Me gusta mirar al fondo de los ojos.

Los ojos me descubren el interior de las personas.

La mirada no la puede sofisticar ni modificar la cirugía estética, la mirada se transforma y cambia con el  paso de los años, como si en ella estuviesen escritas las vivencias, porque en el fondo de los ojos hay un lago bello y profundo donde nadan los sentimientos, que emergen dibujados en la cambiante paleta del iris.

Tus ojos, hijo mío, eran tan bellos, que cuando naciste el marco que formaban sus pestañas estaban arrugadas por su propia largura, su paleta de color verde era como un inmenso y relajante lago en el que me sumergía encantada.
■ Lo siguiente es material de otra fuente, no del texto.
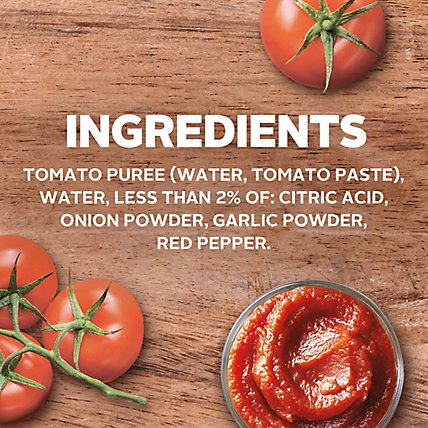 Hunt's No Salt Added Tomato Sauce - 15 Oz - Image 5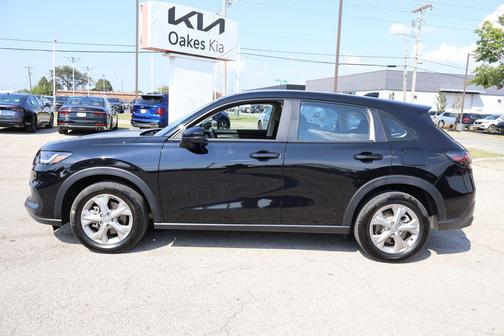 2024 Honda HR-V LX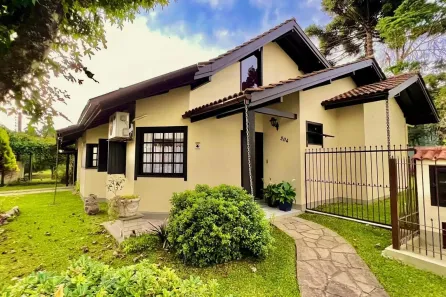 Casa com 3 Quartos à venda, 126m² no Vila Luiza, Canela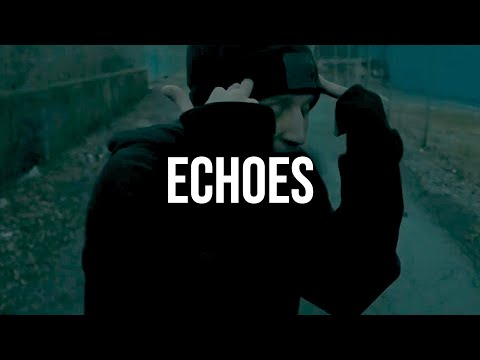 (FREE) NF Type Beat "ECHOES" | Dark Aggressive Type Beat | Epic Rap Instrumental 2025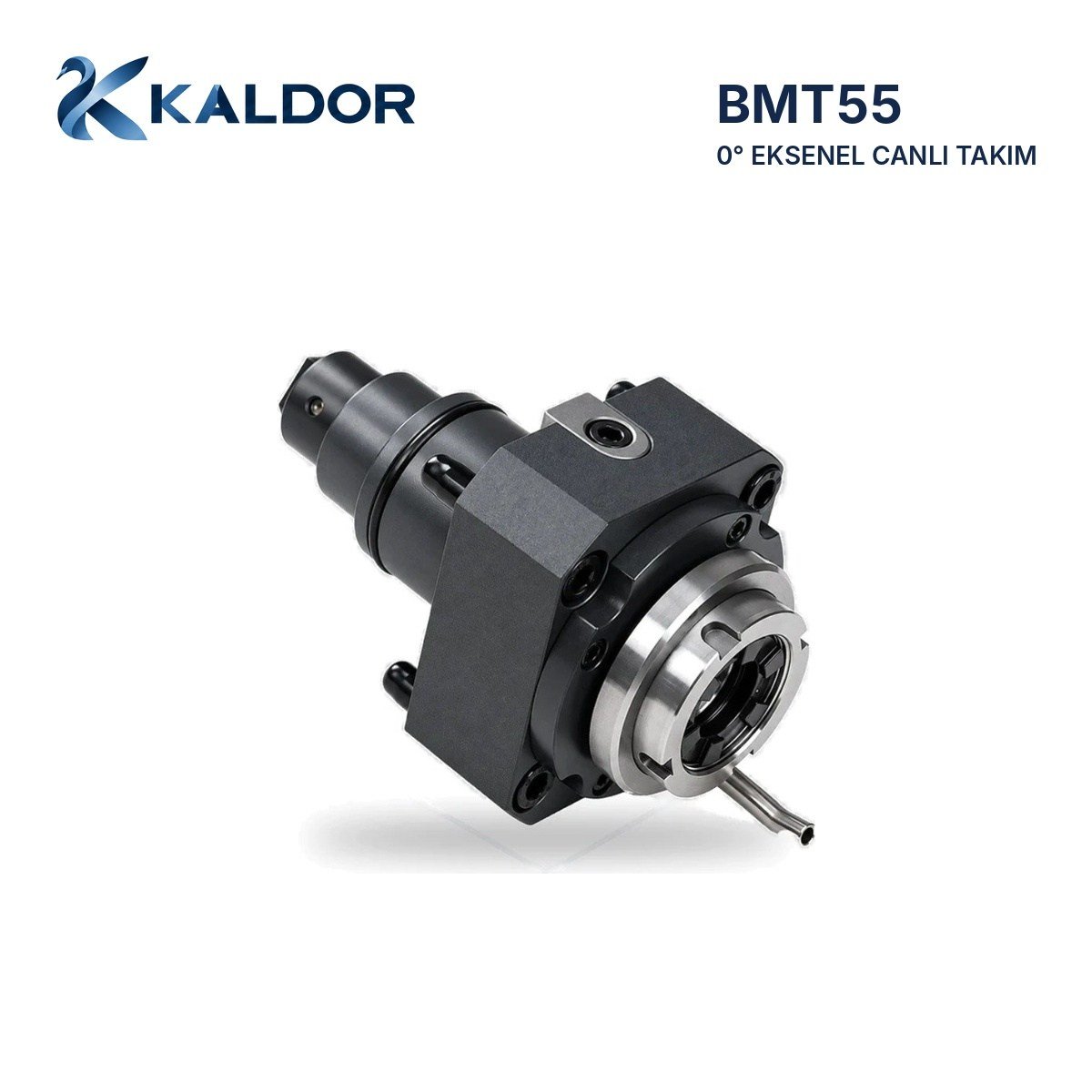 BMT55 0° Eksenel Canlı Takım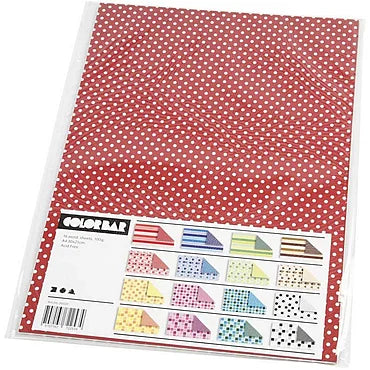 Color Bar Papier Print A4 100gr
Tus ojos expresaban tanto, pero expresaban algo tan diferente… sus chispas, su brillo… y tú me seguías  a cuatro patas por toda la casa, por eso te apodé cariñosamente gato goloso.

Yo me miraba en el espejo de tus ojos y tú me respondías complacido, pero  poco a poco tus ojos  esquivaron mi mirada, poco a poco dejaste de mirarme, tu mirada se fue trasformando, y aunque tus ojos seguían siendo preciosos me mostraban algo que yo desconocía hasta entonces, tus ojos comenzaron a mirar diferente.

Y dejaste de hablar y de mirar, corrías de una parte a otra y te movías sin prisa pero sin pausa, hacías cosas extrañas moviendo tus manos delante de tus ojos, buscabas plumas para olisquearlas y cantabas canciones sin letra, no seguías los  cánones  de la educación, parecía como si no escucharas nuestras instrucciones. Pero en medio de este caos seguían, inmensos y preciosos, tus ojos verdes y diferentes, pues no sabían mirarme, que miraban luces, colores, pantallas y libros, pero que no buscaban la mirada de los demás.

Me explicaron que algo extraño pasaba, y en el paquete venía incluido el no mirar a los ojos, que en tu pobre comunicación faltaba el contacto ocular y que había que buscarlo. Empeñada en mejorar tu comunicación, todos los días te mostraba las cartas de Palau y repetía los nombres de los dibujos y te pedía: “Hijo, mírame a los ojos…”. Sólo en ocasiones conseguía pequeñas ráfagas de contacto ocular, que me gratificaban porque eran como restos y recuerdo de aquel mirar de gato goloso que no habías perdido del todo.

Tu infancia fue una caja de sorpresas, en la que las carencias fueron llenándose de contenido; comenzaste a hablar con frases aprendidas, aprendiste a leer solo, escribías en los libros (toda una enciclopedia del arte que aún conservo es testigo de tu afán desmedido por escribir), en la escuela progresabas a pesar de gustarte pasar solo la mayor parte del tiempo. Contigo aprendimos las banderas de todos los países, las capitales de los nuevos estados que yo desconocía, intenté entender tus laberintos interminables y te acompañamos en tu diferente forma de ser y de estar, sin que nos mirases, pero sin dejar de vernos. “Hijo, ¡mírame a los ojos!”, y una ráfaga de mirada se posaba en mí unas milésimas de segundo.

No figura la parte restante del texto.